Eldorado Resorts Q1 revenue falls; CEO vague on M & A

By Tim Poole

Eldorado Resorts Q1 net revenue fell 4% year-on-year to $627.8m.

The US casino operator did, however, post a 43% rise in operating income to $123.7m, while adjusted EBITDA rose 6% to $166.7m.

Q1 results for Eldorado exclude the operations of Presque Isle Down and Casino, as well as Lady Luck Nemacolin, which were both purchased during the trading period.

Eldorado CEO Thomas Reeg said: "Eldorado’s results reflect our expanded, geographically diversified regional gaming platform and benefited from our unique operating initiatives.
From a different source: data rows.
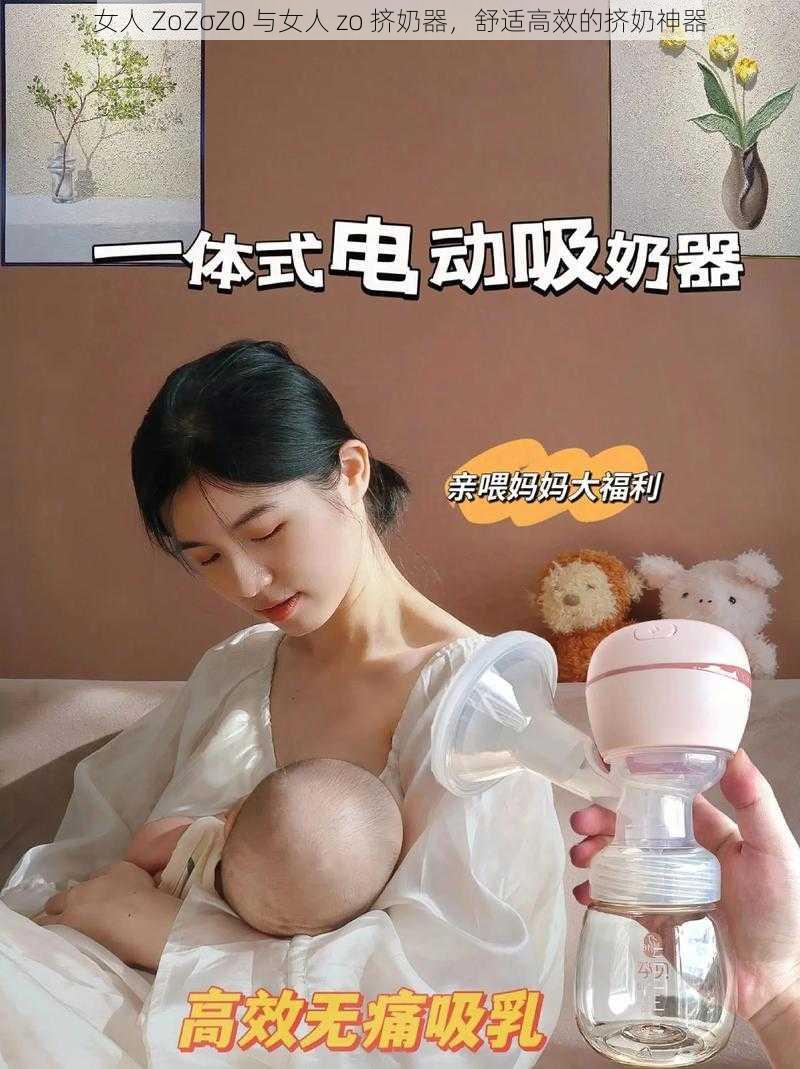 女人 ZoZσZ0 与女人 zo 挤奶器，舒适高效的挤奶神器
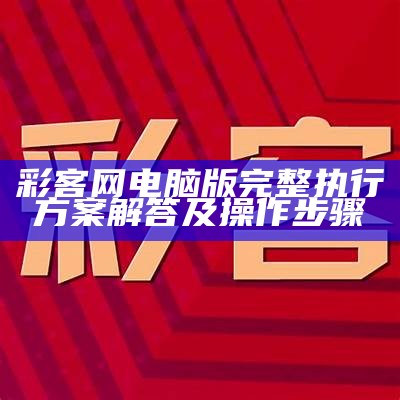 彩客网电脑版完整执行方案解答及操作步骤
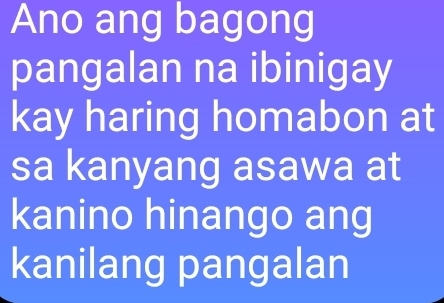 Ano ang bagong 
pangalan na ibinigay 
kay haring homabon at 
sa kanyang asawa at 
kanino hinango ang 
kanilang pangalan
"Growth was achieved despite significant weather disruption across the bulk of the portfolio in the 2019 first quarter."

Following reports linking Eldorado with a Caesars Entertainment merger, Reeg also addressed the topic of M & A – albeit vaguely.

Reeg said: "I’d note similar to our prior quarter call, we read the same newspaper you read, so we read the same rumours about what we might or might not be doing.

"We’re not going to comment on any particular potential transaction. We would reiterate if you see potential targets that may become available, which seem like they would fit our skill set, you should anticipate we would take a hard look."